## DATA EXTRACT:
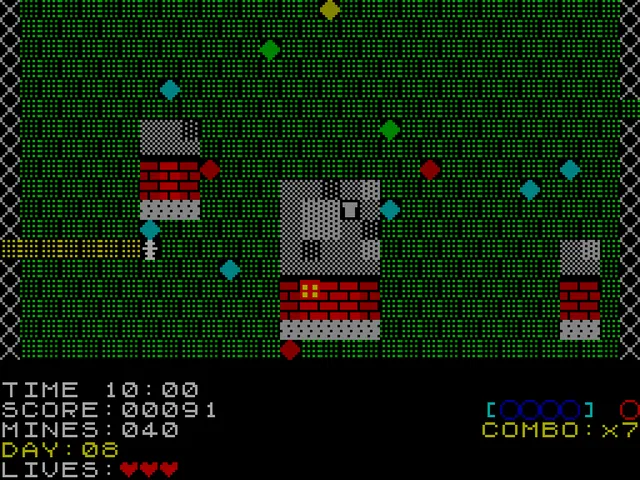 A Minefield level in ZX Spectrum style: a green field with red brick buildings, coloured gems and a yellow trail of footprints, with time, score, mines and Day 08 shown below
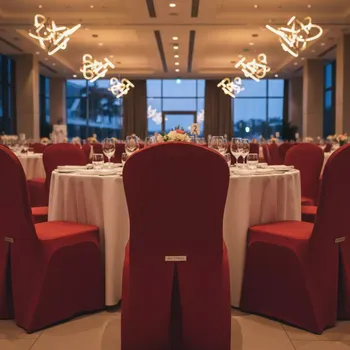 Аренда Чехла для стула красный стрейч R4E 00384 в Radisson Blu Resort & Congress Centre — ART SPACE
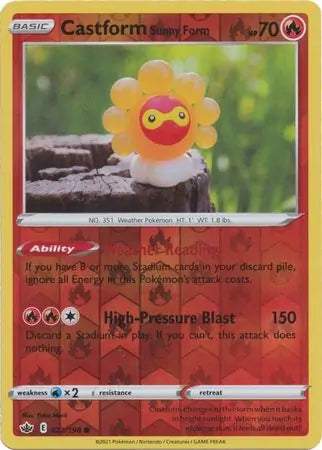 Castform Sunny Form Reverse Holo 022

## TASK OBJECTIVE:
Skipping all images, output the listing exactly.

## TASK ANSWER:
 A Minefield level in ZX Spectrum style: a green field with red brick buildings, coloured gems and a yellow trail of footprints, with time, score, mines and Day 08 shown below
 Аренда Чехла для стула красный стрейч R4E 00384 в Radisson Blu Resort & Congress Centre — ART SPACE
 Castform Sunny Form Reverse Holo 022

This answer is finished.